Riguardo alla semplificazione dei riti, il testo del decreto legislativo n. 150/2011, che attua la delega contenuta nella legge n. 69/2009, presenta luci ed ombre.
Il Cnf ha salutato con soddisfazione l’accoglimento nella versione definitiva di molte delle osservazioni avanzate nel corso della istruttoria legislativa del decreto delegato, ma rileva che l’intervento, nel suo complesso, ha raggiunto solo uno degli obiettivi che il Consiglio aveva segnalato, e cioè il coordinamento dei riti speciali disciplinati da leggi diverse dal codice di procedura civile, non intervenendo affatto sulla razionalizzazione dei riti e la semplificazione delle norme del cpc.
Il testo promulgato presenta infatti netti miglioramenti rispetto allo Schema di decreto legislativo approvato il 15 marzo scorso dalla Presidenza del Consiglio dei Ministri.
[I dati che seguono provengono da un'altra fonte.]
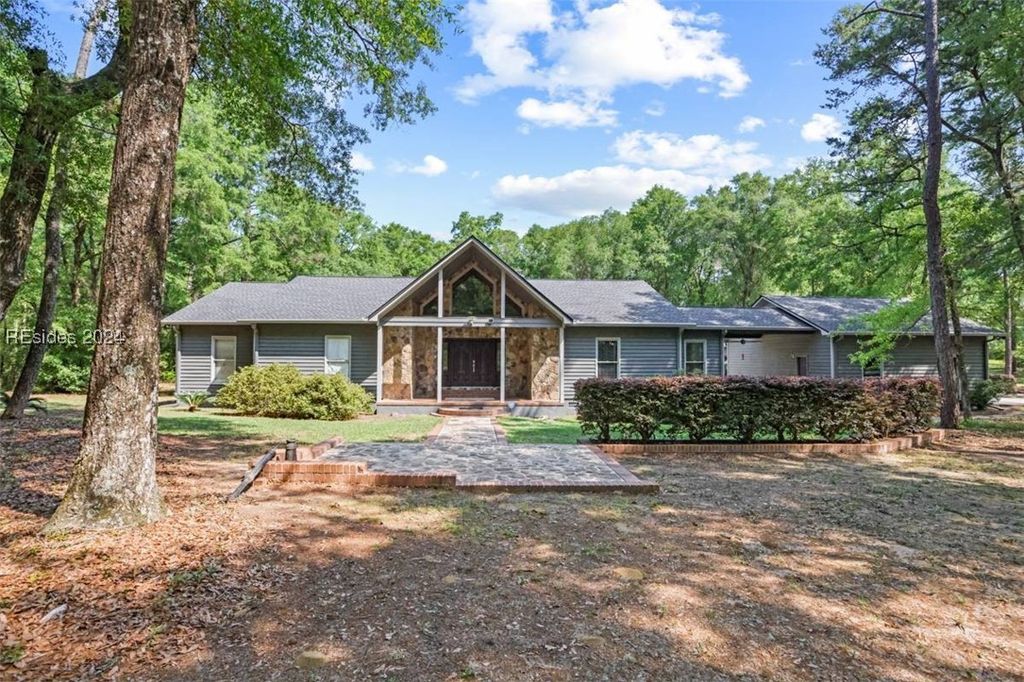 Image 1 of property listing at 3481 Sand Hills Rd, Garnett, SC 29922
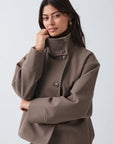Norava | Chic Modern Short Women's Coat with Elegant Collar and Button Closure 1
In adesione alle proposte e ai suggerimenti emersi nelle audizioni parlamentari e nelle interlocuzioni – orali e scritte – con il Consiglio nazionale forense, difatti:
1) si è adottata una disciplina cornice degli adattamenti necessari all’applicazione da parte del giudice collegiale del rito sommario di cognizione (art. 3).
2) E’ stata introdotta una disciplina generale della sospensione dell’esecutività dei provvedimenti impugnati (art. 5), valevole per tutti i riti considerati con la sola eccezione delle controversie relative ad aiuti di Stato (art. 9) e della materia del trattamento sanitario obbligatorio (art. 21).
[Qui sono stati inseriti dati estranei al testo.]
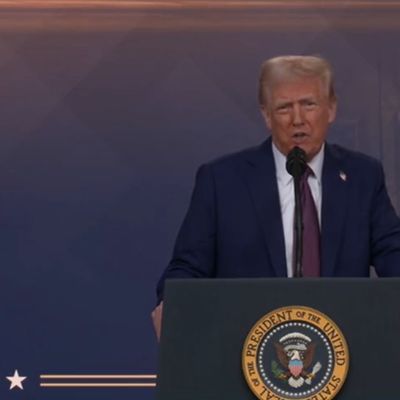 Trump: Çin ile 'adaletli' ilişkiler istiyoruz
3) Ugualmente rispondente alle sollecitazioni del Consiglio nazionale forense è la omogeneizzazione dei termini per le opposizioni a sanzioni amministrative e, più in generale, per la impugnazione dei provvedimenti di volta in volta richiamati. Salvo puntuali e rare eccezioni, vengono individuati un termine di 30 giorni per le parti residenti nel territorio nazionale ed uno di 60 giorni per i residenti all’estero (spariscono in tal modo le previsioni di termini di impugnazione/opposizione di 20 o 10 gg. prima contemplati).
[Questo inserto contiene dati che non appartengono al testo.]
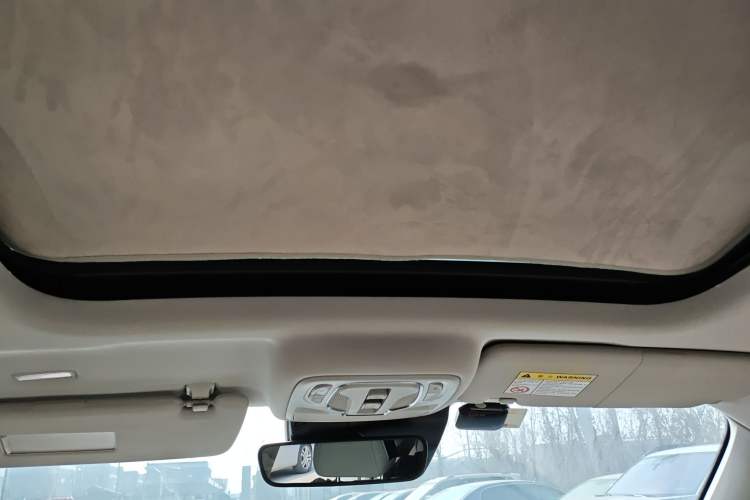 Used Rising MARVEL R 2021 Rear-Drive PRO Edition Headliner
4) Viene, in qualche modo seppur non completamente, razionalizzato il criterio di riconduzione di taluni procedimenti speciali ad uno piuttosto che ad altro rito modello. E’ il caso (segnalato dal Consiglio nazionale forense nel Parere del 15 luglio u.s.) delle controversie in materia di protesto che nello schema erano ricondotte a due differenti riti e nel testo definitivo confluiscono nel rito del lavoro (cfr. artt. 12 e 13).
Non si può, infine, sottolineare con rammarico che la disciplina dell’impugnazione dei provvedimenti emessi in esito al processo sommario di cognizione è rimasta fortemente frammentata e conserva ipotesi di inappellabilità. Sul fumus di eccesso di delega e di sospetta incostituzionalità di tale scelta il Consiglio nazionale forense – e la dottrina unanime – si erano ampiamente spesi. Spiace, quindi, considerare come le perplessità da più parti manifestate siano rimaste, sotto questo profilo, inascoltate.
Il dossier n. 5/2001 dell'Ufficio studi del Consiglio nazionale forense, che Vi inviamo, si propone come uno strumento di agile consultazione per l'Avvocato in udienza e in studio. Difatti, l'impatto del “decreto semplificazione” sulla vita quotidiana del professionista è stato notevole: con un solo intervento legislativo si è modificata in maniera sostanziale la disciplina di quasi trenta riti. Premessa una breve analisi dei contenuti del d.lgs. n. 150/2011, il lavoro presenta la normativa in un due colonne.
La prima colonna riporta, articolo per articolo, il testo del “nuovo rito” applicabile alle singole controversie considerate (ai sensi del d.lgs. n. 150); la seconda il “vecchio rito”, ossia la normativa speciale ricondotta ad esso ricondotta. La collocazione in colonne consente di apprezzare con immediatezza le differenze di disciplina che la riconduzione ad uno dei tre riti modello comporta.